__Brief descriptive captions__.
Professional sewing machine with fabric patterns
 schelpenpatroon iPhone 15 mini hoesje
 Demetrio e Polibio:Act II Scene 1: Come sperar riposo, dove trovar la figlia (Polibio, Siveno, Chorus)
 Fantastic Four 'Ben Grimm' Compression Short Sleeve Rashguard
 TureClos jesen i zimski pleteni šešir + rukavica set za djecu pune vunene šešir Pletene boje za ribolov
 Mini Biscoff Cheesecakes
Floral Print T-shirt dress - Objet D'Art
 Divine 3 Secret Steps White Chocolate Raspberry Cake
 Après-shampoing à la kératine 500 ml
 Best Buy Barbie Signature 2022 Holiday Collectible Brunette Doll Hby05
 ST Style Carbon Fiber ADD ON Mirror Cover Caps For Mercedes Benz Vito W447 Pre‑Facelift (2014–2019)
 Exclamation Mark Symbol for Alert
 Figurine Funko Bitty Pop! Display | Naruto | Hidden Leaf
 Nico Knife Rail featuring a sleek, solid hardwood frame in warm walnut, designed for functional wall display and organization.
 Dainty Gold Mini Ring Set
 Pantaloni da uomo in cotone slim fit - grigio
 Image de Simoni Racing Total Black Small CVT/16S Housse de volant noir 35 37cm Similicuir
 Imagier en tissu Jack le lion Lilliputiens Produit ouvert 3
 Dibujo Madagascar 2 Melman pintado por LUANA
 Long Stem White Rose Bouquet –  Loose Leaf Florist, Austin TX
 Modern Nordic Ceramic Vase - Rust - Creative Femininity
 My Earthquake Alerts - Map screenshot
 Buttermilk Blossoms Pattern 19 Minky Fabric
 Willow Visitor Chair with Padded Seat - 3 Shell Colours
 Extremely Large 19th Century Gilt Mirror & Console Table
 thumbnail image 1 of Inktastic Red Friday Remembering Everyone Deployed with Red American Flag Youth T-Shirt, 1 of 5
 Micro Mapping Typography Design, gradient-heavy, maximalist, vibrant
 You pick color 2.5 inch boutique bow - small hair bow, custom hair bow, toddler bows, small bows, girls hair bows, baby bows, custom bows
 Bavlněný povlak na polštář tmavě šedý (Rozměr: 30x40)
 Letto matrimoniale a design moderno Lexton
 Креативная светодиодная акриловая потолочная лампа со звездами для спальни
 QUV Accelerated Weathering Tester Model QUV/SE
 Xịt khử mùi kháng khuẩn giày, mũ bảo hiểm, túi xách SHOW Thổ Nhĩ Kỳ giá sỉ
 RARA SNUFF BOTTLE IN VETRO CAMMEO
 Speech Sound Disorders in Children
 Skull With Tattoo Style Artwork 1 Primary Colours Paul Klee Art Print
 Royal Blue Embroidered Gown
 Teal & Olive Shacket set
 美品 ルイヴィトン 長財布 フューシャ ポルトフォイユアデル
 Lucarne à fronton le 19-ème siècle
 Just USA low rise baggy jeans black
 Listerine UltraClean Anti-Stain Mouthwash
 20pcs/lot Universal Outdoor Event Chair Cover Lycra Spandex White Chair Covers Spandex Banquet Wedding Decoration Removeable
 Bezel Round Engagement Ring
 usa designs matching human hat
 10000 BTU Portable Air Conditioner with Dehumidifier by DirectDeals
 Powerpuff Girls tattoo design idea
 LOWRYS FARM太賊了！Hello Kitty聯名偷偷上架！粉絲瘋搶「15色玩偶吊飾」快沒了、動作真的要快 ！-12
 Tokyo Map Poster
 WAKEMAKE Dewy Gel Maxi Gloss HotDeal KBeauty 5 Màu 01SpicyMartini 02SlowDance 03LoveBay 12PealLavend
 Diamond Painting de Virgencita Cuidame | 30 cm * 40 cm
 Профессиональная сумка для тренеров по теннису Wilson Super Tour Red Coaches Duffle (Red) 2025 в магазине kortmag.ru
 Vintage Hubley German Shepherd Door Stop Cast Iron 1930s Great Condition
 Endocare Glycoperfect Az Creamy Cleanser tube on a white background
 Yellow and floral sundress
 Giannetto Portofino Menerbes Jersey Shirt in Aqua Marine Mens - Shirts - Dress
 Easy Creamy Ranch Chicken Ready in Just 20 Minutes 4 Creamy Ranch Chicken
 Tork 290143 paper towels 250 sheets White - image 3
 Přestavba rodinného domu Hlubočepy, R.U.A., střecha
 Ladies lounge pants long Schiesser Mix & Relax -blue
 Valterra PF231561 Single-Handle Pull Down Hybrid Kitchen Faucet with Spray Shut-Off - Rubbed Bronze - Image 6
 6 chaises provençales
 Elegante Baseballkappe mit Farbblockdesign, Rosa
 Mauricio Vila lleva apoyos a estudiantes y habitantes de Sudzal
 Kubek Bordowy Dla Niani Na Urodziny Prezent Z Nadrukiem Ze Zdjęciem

__Prompt__. The expected answer is every line in the data above that carries the string "Chair".

__Task output__.
 Willow Visitor Chair with Padded Seat - 3 Shell Colours
 20pcs/lot Universal Outdoor Event Chair Cover Lycra Spandex White Chair Covers Spandex Banquet Wedding Decoration Removeable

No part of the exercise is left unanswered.